Historicamente, a política brasileira de redução da pobreza se concentrou no ajuste dos níveis de renda e não no estoque de ativos. No entanto, uma política de desenvolvimento só poderá ser realmente eficaz se priorizar também a redução das desigualdades patrimoniais, entre ricos e pobres, mulheres e homens, negros e brancos.
Os negros investem em classes de ativos de baixa rentabilidade
A pandemia acelerou exponencialmente o processo de endividamento das famílias brasileiras, terminando 2020 com 11 milhões de famílias endividadas nas capitais do País, segundo levantamento da Fecomércio-SP.

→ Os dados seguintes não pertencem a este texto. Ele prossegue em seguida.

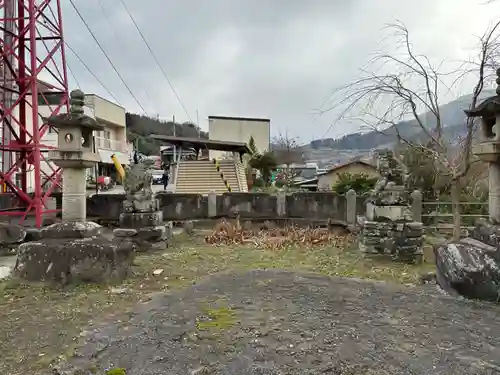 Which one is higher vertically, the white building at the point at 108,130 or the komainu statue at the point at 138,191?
the white building at the point at 108,130

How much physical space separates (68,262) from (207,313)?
7.65ft

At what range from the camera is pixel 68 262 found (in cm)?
517

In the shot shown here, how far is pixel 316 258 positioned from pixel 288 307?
11.3 feet

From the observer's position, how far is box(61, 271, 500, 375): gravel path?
286cm

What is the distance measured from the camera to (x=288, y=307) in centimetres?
425

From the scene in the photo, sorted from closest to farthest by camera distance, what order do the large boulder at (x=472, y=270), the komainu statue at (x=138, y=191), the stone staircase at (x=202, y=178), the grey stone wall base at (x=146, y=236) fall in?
1. the large boulder at (x=472, y=270)
2. the grey stone wall base at (x=146, y=236)
3. the komainu statue at (x=138, y=191)
4. the stone staircase at (x=202, y=178)

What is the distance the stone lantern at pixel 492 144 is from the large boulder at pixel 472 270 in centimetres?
58

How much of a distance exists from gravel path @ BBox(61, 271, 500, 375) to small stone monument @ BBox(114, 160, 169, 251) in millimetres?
3568

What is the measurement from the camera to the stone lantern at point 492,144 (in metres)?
4.85

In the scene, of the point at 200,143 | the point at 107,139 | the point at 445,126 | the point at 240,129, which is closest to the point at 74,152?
the point at 445,126

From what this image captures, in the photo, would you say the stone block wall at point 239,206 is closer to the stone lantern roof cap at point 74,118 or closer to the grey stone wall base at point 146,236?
the grey stone wall base at point 146,236

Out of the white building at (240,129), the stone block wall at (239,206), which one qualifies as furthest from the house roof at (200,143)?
the white building at (240,129)

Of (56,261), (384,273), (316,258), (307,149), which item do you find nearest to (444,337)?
(384,273)

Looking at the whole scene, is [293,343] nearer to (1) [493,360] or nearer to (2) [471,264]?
(1) [493,360] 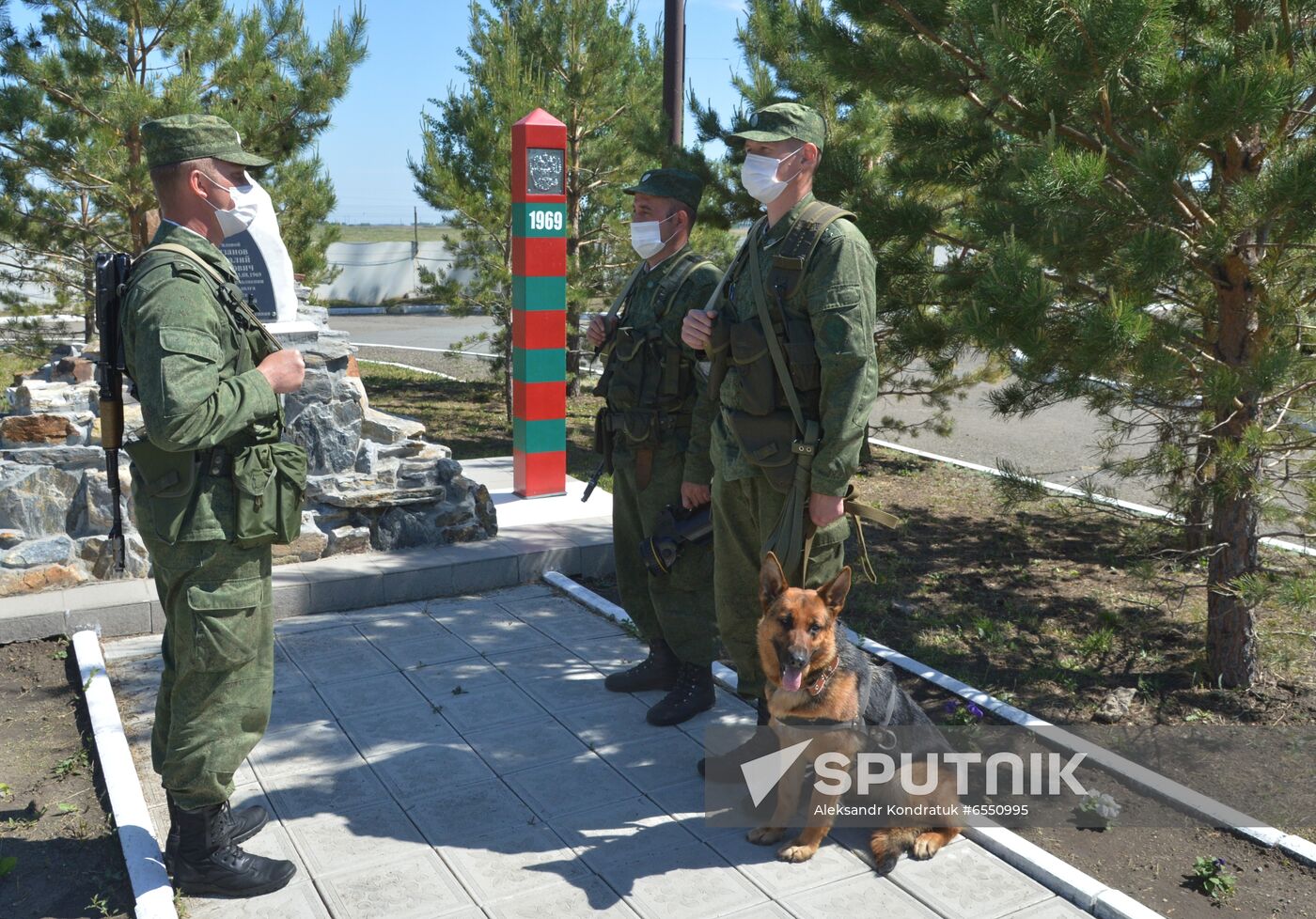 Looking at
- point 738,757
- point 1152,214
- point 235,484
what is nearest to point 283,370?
point 235,484

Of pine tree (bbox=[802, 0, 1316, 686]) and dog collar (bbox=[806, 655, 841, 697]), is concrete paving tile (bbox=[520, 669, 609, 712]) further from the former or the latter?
pine tree (bbox=[802, 0, 1316, 686])

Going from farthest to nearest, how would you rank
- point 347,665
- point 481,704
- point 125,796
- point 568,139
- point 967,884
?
point 568,139 → point 347,665 → point 481,704 → point 125,796 → point 967,884

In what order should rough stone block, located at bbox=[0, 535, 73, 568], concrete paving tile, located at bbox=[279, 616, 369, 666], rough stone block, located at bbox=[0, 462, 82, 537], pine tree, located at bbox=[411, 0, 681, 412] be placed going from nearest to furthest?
concrete paving tile, located at bbox=[279, 616, 369, 666] < rough stone block, located at bbox=[0, 535, 73, 568] < rough stone block, located at bbox=[0, 462, 82, 537] < pine tree, located at bbox=[411, 0, 681, 412]

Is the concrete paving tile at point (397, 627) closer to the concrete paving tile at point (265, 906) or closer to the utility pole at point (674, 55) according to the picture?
the concrete paving tile at point (265, 906)

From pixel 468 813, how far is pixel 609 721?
33.4 inches

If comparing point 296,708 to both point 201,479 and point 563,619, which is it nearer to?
point 563,619

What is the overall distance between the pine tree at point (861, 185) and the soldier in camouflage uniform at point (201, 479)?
320 cm

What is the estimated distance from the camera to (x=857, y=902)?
3316 mm

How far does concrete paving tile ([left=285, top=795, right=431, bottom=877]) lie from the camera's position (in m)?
3.54

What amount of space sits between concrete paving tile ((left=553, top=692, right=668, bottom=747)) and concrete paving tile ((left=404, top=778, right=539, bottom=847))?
0.49 meters

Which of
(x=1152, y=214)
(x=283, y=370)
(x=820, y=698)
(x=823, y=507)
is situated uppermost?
(x=1152, y=214)

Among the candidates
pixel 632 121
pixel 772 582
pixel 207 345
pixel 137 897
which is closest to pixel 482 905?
pixel 137 897

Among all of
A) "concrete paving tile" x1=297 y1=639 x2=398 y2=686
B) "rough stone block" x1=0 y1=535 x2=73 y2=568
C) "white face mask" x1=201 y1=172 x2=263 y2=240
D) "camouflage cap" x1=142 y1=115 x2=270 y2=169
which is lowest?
"concrete paving tile" x1=297 y1=639 x2=398 y2=686

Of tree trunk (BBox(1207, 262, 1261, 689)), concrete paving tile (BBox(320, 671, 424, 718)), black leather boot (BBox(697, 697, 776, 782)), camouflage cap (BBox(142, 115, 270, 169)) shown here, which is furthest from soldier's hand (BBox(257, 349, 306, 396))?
tree trunk (BBox(1207, 262, 1261, 689)) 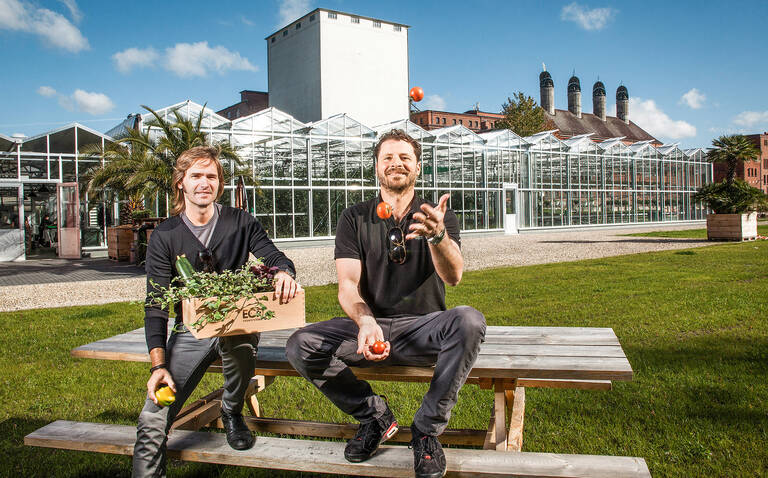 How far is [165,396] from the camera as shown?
226 centimetres

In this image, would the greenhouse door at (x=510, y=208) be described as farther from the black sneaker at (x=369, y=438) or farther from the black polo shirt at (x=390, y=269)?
the black sneaker at (x=369, y=438)

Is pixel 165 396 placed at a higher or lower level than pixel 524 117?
lower

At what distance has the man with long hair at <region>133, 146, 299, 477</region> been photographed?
232 cm

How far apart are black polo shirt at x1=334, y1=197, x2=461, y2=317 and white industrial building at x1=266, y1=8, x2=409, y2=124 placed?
31775 mm

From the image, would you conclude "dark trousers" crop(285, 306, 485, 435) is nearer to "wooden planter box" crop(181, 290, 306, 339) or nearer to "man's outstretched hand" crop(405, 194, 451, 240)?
"wooden planter box" crop(181, 290, 306, 339)

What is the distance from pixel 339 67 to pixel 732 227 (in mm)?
23425

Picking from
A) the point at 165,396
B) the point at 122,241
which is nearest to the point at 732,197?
the point at 122,241

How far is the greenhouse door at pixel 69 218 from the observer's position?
1808 centimetres

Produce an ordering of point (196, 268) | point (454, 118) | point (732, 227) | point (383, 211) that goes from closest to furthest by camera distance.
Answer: point (383, 211)
point (196, 268)
point (732, 227)
point (454, 118)

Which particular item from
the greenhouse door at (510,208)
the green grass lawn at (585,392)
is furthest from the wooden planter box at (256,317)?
the greenhouse door at (510,208)

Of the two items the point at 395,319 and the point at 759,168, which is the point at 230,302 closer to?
the point at 395,319

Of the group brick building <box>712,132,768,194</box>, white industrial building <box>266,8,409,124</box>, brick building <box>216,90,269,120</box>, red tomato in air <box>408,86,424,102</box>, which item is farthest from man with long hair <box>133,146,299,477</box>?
brick building <box>712,132,768,194</box>

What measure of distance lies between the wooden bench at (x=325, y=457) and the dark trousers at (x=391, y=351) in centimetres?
21

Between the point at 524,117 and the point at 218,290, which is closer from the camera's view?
the point at 218,290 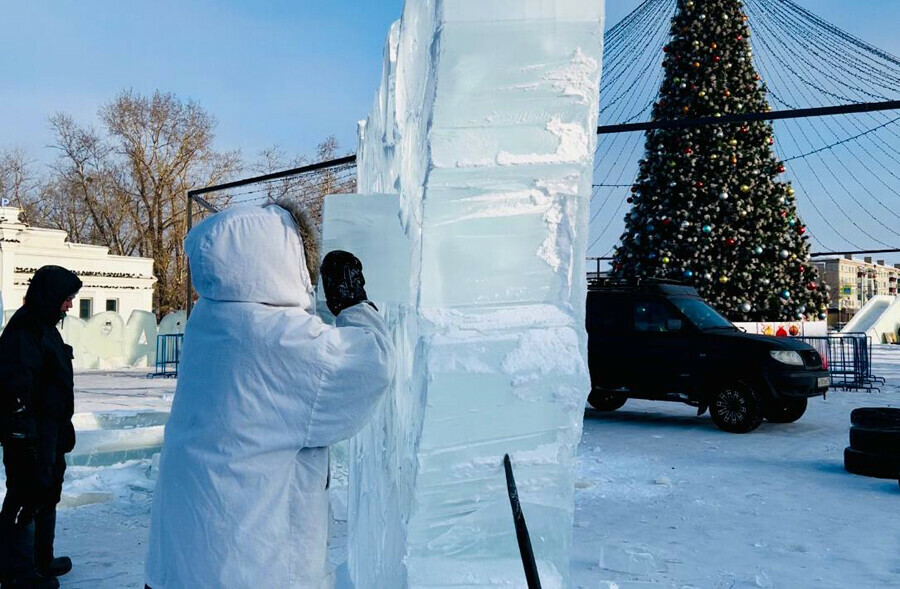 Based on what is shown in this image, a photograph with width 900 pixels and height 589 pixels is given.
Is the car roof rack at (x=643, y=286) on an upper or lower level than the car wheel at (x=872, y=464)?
upper

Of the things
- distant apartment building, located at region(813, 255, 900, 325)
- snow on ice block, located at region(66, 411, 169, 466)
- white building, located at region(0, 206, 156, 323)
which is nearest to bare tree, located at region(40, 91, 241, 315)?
white building, located at region(0, 206, 156, 323)

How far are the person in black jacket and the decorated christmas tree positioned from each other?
13.5 meters

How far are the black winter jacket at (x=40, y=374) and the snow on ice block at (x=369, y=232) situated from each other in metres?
2.28

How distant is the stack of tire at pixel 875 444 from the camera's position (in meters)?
6.71

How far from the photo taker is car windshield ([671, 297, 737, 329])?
32.4 ft

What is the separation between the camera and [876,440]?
6.80 metres

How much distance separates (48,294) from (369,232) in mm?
2416

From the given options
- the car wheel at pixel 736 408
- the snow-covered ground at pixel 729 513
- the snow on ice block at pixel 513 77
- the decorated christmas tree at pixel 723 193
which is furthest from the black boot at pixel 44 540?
the decorated christmas tree at pixel 723 193

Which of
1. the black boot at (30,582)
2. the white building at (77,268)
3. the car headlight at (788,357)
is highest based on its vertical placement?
the white building at (77,268)

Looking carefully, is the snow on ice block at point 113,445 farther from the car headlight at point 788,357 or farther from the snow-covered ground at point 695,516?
the car headlight at point 788,357

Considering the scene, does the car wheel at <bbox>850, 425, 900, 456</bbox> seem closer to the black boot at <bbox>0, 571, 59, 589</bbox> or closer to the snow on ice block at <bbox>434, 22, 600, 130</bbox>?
the snow on ice block at <bbox>434, 22, 600, 130</bbox>

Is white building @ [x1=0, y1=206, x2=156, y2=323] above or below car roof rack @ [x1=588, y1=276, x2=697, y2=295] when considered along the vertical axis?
above

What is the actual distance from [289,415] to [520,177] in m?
0.98

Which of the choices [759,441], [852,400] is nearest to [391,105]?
[759,441] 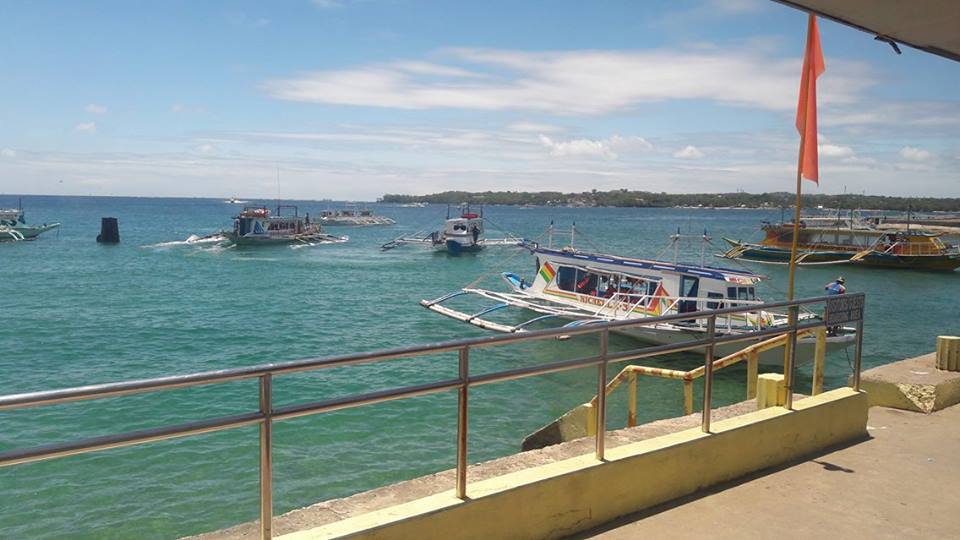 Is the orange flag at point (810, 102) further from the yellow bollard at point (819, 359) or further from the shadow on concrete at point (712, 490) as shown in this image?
the shadow on concrete at point (712, 490)

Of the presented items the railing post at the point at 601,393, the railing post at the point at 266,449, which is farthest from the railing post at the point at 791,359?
the railing post at the point at 266,449

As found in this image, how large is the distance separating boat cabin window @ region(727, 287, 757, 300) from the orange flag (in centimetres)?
1538

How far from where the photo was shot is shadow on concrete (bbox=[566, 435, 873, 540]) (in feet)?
14.0

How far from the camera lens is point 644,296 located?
21.2 metres

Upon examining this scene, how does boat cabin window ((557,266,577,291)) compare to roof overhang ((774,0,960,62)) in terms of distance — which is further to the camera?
boat cabin window ((557,266,577,291))

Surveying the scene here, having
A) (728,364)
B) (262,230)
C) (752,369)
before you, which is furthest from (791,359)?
(262,230)

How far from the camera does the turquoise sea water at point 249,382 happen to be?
1130 cm

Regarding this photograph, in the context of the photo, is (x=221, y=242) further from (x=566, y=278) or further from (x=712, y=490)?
(x=712, y=490)

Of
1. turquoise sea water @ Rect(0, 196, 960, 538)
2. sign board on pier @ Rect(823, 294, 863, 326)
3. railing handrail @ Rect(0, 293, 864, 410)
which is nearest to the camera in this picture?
railing handrail @ Rect(0, 293, 864, 410)

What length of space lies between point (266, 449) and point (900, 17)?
546 cm

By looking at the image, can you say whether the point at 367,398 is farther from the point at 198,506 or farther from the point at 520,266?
the point at 520,266

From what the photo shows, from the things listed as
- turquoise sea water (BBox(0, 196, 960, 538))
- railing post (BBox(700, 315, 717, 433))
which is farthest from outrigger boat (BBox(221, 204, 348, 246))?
railing post (BBox(700, 315, 717, 433))

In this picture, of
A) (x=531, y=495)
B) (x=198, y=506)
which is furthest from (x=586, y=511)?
(x=198, y=506)

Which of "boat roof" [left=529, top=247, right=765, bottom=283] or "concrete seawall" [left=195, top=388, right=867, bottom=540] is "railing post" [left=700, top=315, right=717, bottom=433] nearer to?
"concrete seawall" [left=195, top=388, right=867, bottom=540] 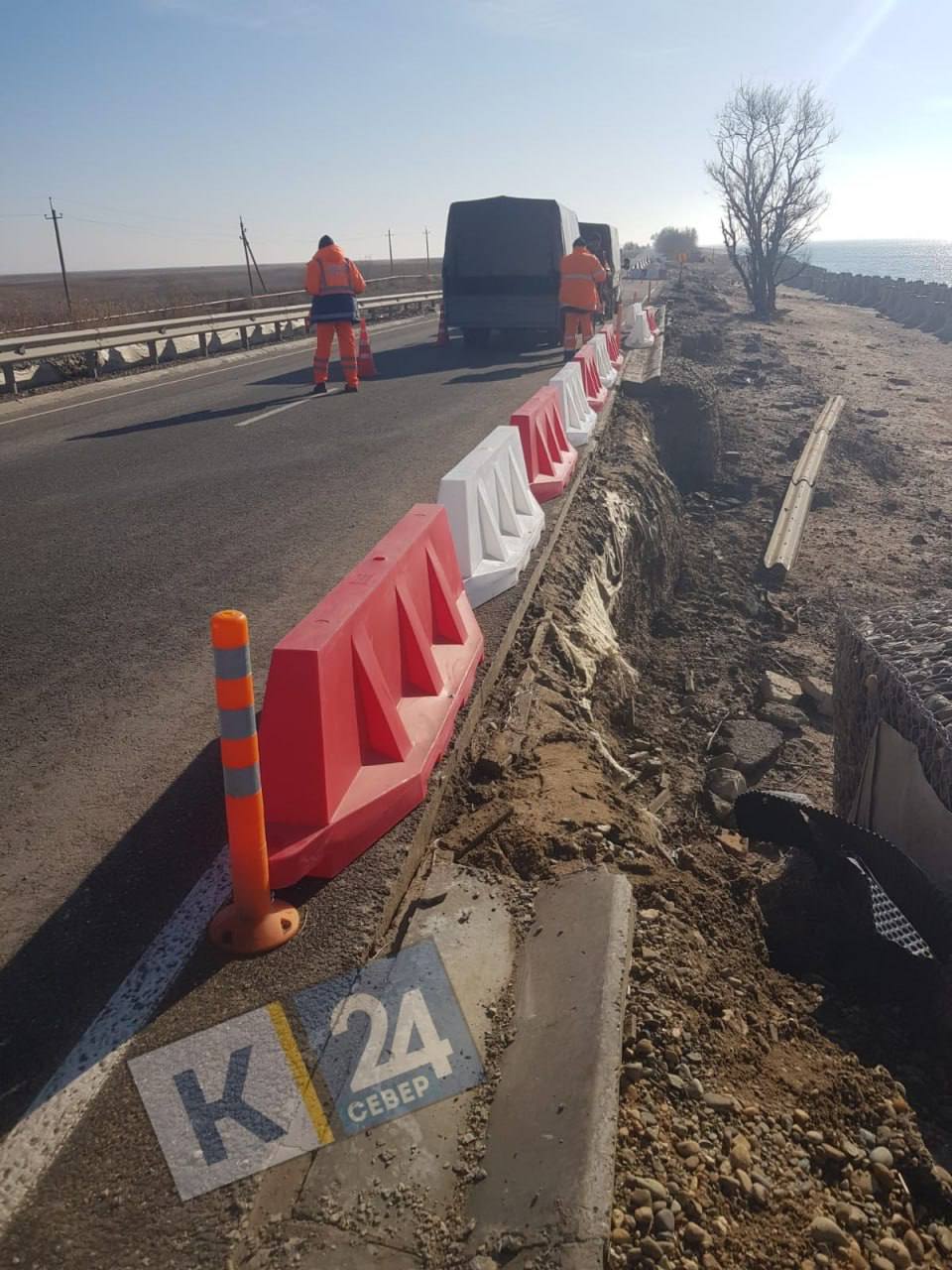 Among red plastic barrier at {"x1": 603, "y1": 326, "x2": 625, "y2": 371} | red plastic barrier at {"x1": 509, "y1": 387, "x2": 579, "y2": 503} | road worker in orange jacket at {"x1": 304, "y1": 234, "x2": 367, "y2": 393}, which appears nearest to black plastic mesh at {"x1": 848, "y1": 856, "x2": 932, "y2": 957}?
red plastic barrier at {"x1": 509, "y1": 387, "x2": 579, "y2": 503}

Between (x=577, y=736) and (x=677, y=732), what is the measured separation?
2.59 metres

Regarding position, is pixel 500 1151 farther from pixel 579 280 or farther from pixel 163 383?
pixel 579 280

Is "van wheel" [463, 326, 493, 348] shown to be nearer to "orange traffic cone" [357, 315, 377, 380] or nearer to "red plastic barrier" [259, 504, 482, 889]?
"orange traffic cone" [357, 315, 377, 380]

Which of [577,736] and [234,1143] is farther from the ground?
[234,1143]

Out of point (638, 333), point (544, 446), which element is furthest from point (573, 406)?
point (638, 333)

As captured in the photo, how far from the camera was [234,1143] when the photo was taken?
2.36 m

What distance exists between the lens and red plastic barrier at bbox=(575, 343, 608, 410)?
Answer: 41.2 feet

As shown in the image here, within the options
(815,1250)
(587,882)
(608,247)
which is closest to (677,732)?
(587,882)

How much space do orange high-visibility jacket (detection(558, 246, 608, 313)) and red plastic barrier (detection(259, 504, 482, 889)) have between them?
13303mm

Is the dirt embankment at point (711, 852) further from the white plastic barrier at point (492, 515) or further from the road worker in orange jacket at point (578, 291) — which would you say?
the road worker in orange jacket at point (578, 291)

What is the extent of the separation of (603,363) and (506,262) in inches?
207

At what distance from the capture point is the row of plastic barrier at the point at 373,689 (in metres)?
3.32

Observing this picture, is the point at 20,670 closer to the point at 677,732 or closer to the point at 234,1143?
the point at 234,1143

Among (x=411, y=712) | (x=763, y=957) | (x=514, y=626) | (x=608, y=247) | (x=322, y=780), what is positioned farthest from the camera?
(x=608, y=247)
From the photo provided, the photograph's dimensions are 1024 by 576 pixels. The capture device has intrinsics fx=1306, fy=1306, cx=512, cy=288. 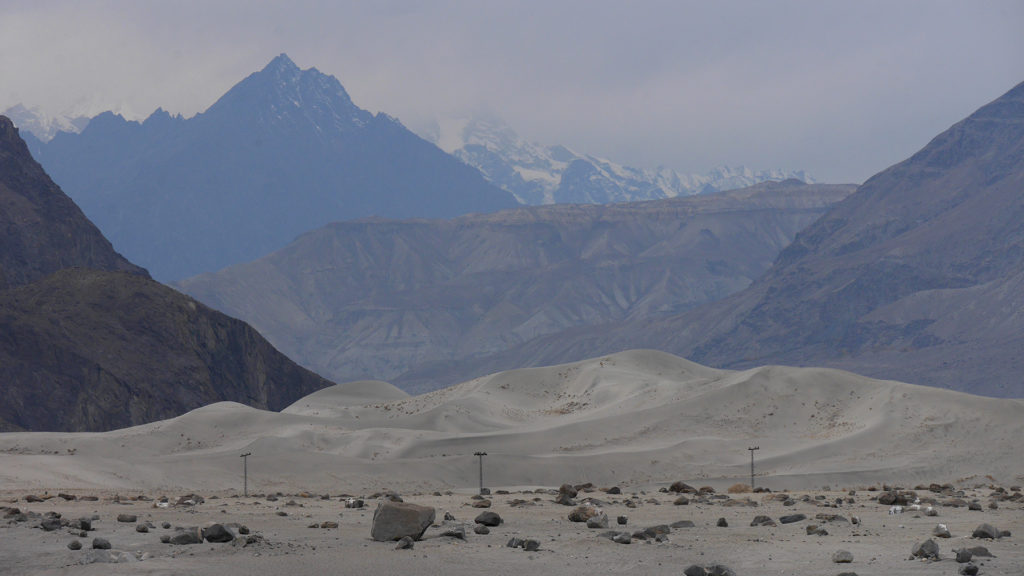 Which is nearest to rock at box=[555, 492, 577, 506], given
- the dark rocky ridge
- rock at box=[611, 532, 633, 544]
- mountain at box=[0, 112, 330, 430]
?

Ao mesmo tempo, a pandemia não afetou todas as famílias da mesma forma. Pelo contrário, durante a pandemia as famílias com maiores níveis de renda e patrimônio puderam rapidamente migrar às opções mais rentáveis ainda inacessíveis às famílias com menores níveis de patrimônio, aprofundando as desigualdades raciais.
Por exemplo, os títulos privados (debêntures, CDBs, LCI, LCA, entre outros), e os fundos de investimento tiveram uma rentabilidade bem superior ao do mercado de ações. Ambos têm maior predominância entre as classes mais altas (classes A/B, com cerca de 70%), segundo a Associação Brasileira das Entidades dos Mercados Financeiro (Anbima).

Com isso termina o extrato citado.